### Task instructions
Repeat the lines of the data exactly and exclude any picture among them.

### Dataset records
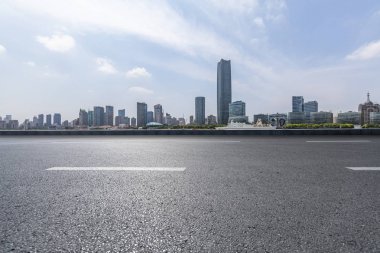 Panoramik silüet ve modern iş ofisi binaları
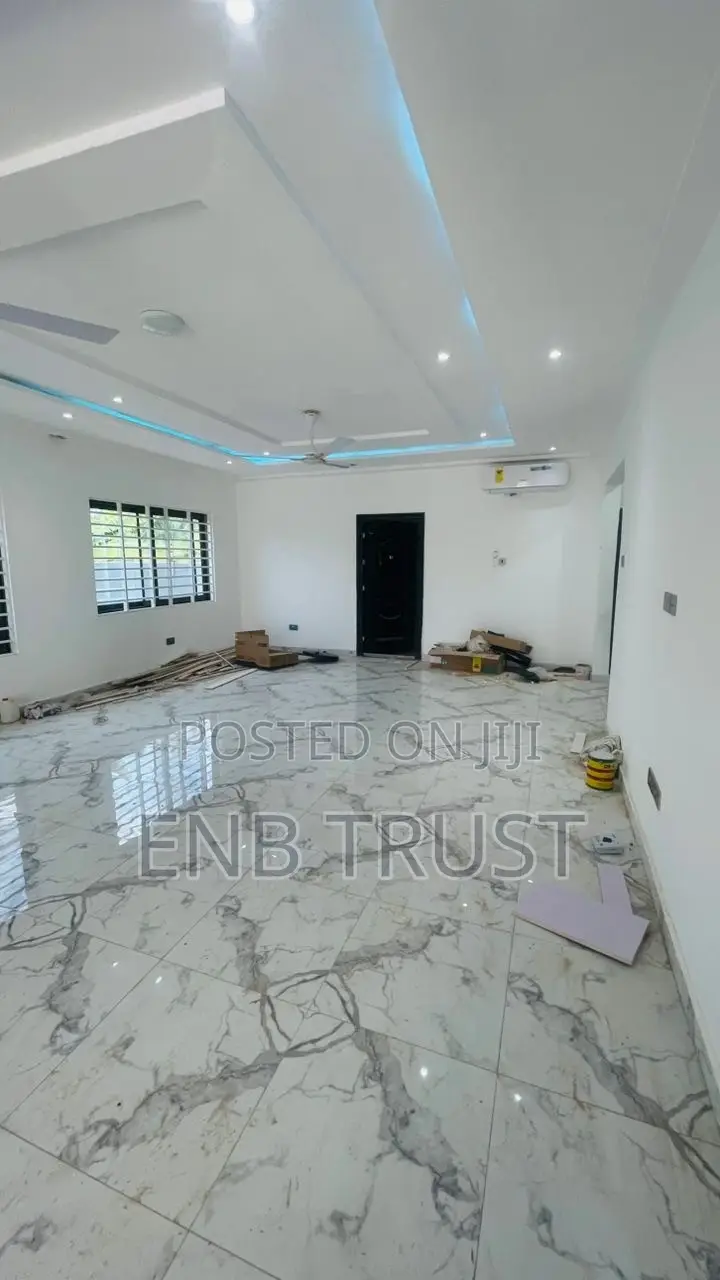 3bdrm House in Amormorley Junction, Pokuase for sale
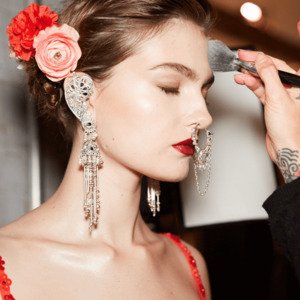Navratri Makeup Look   Maybelline India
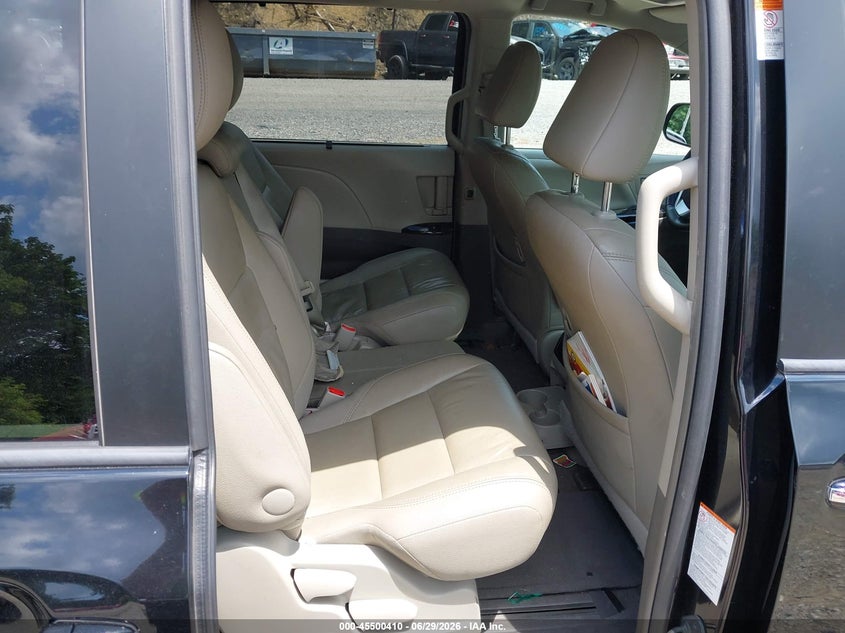 2015 Toyota Sienna VIN 5TDYK3DC8FS676494 IAAI salvage auction — REAR END, Salvage Title, sold $4,025 on 2026-08-01 (photo 8)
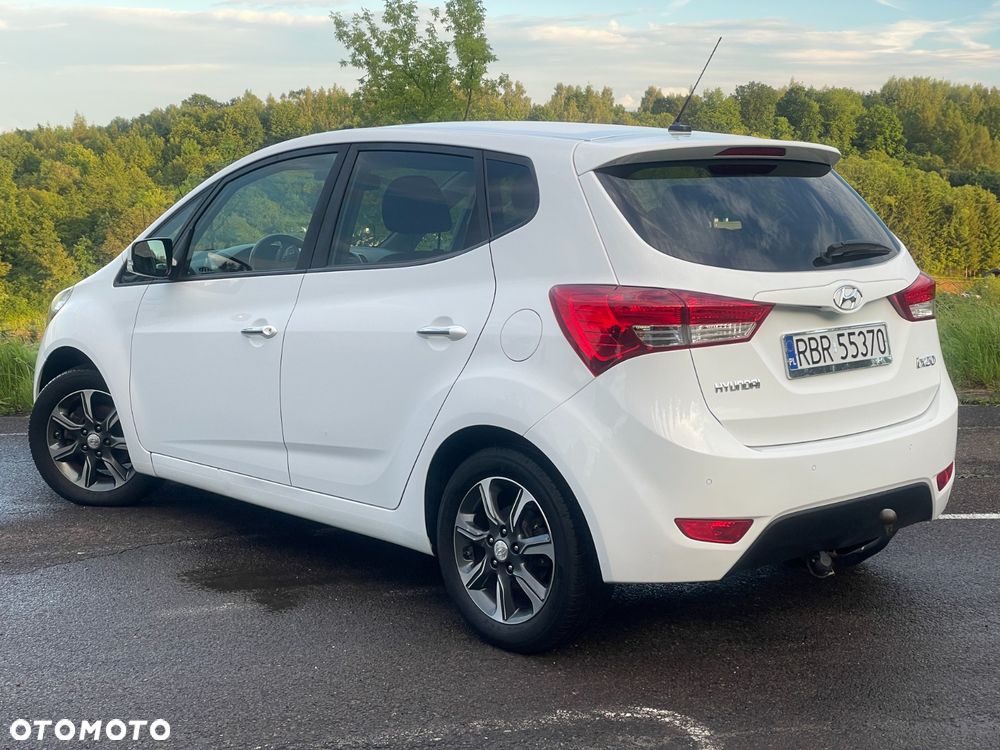 Hyundai ix20 - 3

### Response to the task
 Panoramik silüet ve modern iş ofisi binaları
 3bdrm House in Amormorley Junction, Pokuase for sale
Navratri Makeup Look   Maybelline India
 2015 Toyota Sienna VIN 5TDYK3DC8FS676494 IAAI salvage auction — REAR END, Salvage Title, sold $4,025 on 2026-08-01 (photo 8)
 Hyundai ix20 - 3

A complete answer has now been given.